Life goes by so fast
You only want to do what you think is right
Close your eyes and it's past
Story of my life.

Social Distortion


I'll do all of us a favor and keep this brief…….

1969

I'm born in March, man walks on the moon in July, Woodstock in August, Ho Chi Minh dies in September, Jack Kerouac dies in October. People everywhere are feeling groovy. Nixon resumes bombing in 'Nam.

1970

I wet myself several times a day.

1971

I stop wetting myself.

1972

My main goal in life is to play as much as possible. (These beginning years are boring. It gets better.)

1973

I start to read and write, much to the credit of my older sister who would make me play "school" with her. She would also pretend she was a nun and beat me if I misbehaved.

1974

I start kindergarten in a Catholic school. At school, I pray daily for candy.
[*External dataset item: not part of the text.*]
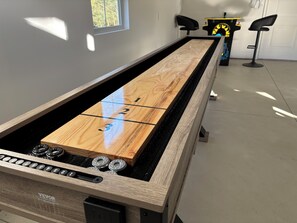 A pool table with a wooden top and black felt, surrounded by a modern room with a window and a bar area. - SOMETHING FOR EVERYONE,  New 3+ BR, 4 Bath, Ranch, Game Rm, Fenced Yd & Pond (Fennville)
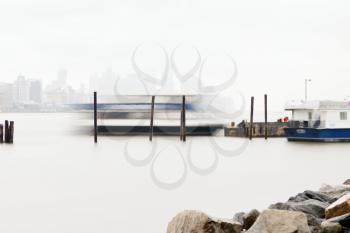 New York, USA-June 2, 2015: East River Ferry coming in for docking on a foggy day.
Dad becomes one of the youngest Chrysler-Plymouth dealers in the country. Woo-hoo!

1975

Mom and Dad join a country club. Mom puts me in a leisure suit. Dad's makin' some good cash.

1976

My oldest brother graduates high school and goes away to college. I miss him a lot. I grow tired of all the Bicentennial bullshit and am thankful I'll be dead in the year 2076.

1977

I make my First Holy Communion like the good little Catholic boy that I am, I mean, was.

1978

Mom and Dad fight a lot. I notice Dad starts drinking more around the house. My other brother graduates and goes away to college. I miss him, too.

1979

Dad loses the car dealership. I'm still not clear on the reason why. Dad has trouble finding a job. He drinks a lot.

1980

Dad goes from dealership to dealership, job to job, but always eventually gets fired. It's a scary time for me and my older sister. Dad drinks a lot.

1981

Mom and Dad buy a cocktail lounge in suburbia. Dad drinks for free a lot.

1982

Dad drinks a lot. Dad's an alcoholic. NOTE: This site is NOT the trials and tribulations of an adult child of an alcoholic. However, it could very well be the trials and tribulations of an adult child. *wink* *wink*

1983

Dad drinks, Mom cries, they fight a lot. I start high school, at an all boys Catholic school.

1984

My sister graduates high school, but doesn't go away to college, all the time I wish she would go away. Dad still drinks. The cocktail lounge isn't doing too well. It's making money, but drunken Dad spends it as fast as he makes it.

1985

More of the same: drinking, fighting, crying. I'm blowing saxophone in the school jazz band.

1986

Senior year of high school. I meet Diane in December. We fall in love. Dad is still drinking.

1987

I graduate high school. July: Mom and brother #2 have Dad admitted into detox for a month. Extremely tough time for all of us. Dad is finally sober. I start college at a shitty local college.

1988

My grandfather dies. First person that I was really close to to die. Tough time for me. Still dating Diane. We talk of marriage. Dad still sober.

1989

Dad remains sober. I hate college, and am not doing too well in school.

1990

I turn 21 and drink heavily. Still dating Diane.

1991

Diane cheats on me with a 37 year old man who is the manager of the restaurant where she waitresses part-time. I take it hard. She tells me she doesn't love me anymore. We split. Her loss. I graduate college with a BS in accounting (yawn). Now what do I do? I start a job at the local municipality administering delinquent sewage collection--the low point of my life.

1992

 Meet Amy. Fall in love instantly. She sets my heart a-flutter (or something like that). Dad sells the cocktail lounge. Still sober.

1993

Amy displays first signs of being a loving bitch. I overlook it in the name of love. Amy and I speak of marriage. Mom has the 16 year old family dog put to sleep. I wait a month and buy another.

1994

 Still with Amy and delinquent sewage. Talk of matrimony continues.

1995

Same as 1994, pretty much.

1996

In January, I begin graduate coursework towards a master in public management degree at one of the country's top schools (really). We begin to make wedding plans. Amy begins to act psychotic. I call the wedding off. We stay together, and work things out. October comes and we get engaged. Happiness. Happiness? The next day my grandmother has a stroke and dies a month later. Sadness. Yes, sadness.

1997

Amy acts like a spoiled suburban bitch in the planning of the wedding. July brings wedding bells. The honeymoon ends by the end of the year. I receive my masters degree in December.

1998

 I begin the year questioning my decision to marry Amy. She changes beyond belief, for the worst. I get a really cool job. By August, she leaves and files for divorce a week later. I meet Allyssa. We become friends and date after the wife leaves.

1999

The divorce is final in January. I'm still seeing Allyssa. It has been a very difficult past year, and has taken it's toll on me in a lot of different ways. But I'm doing great. Life is good.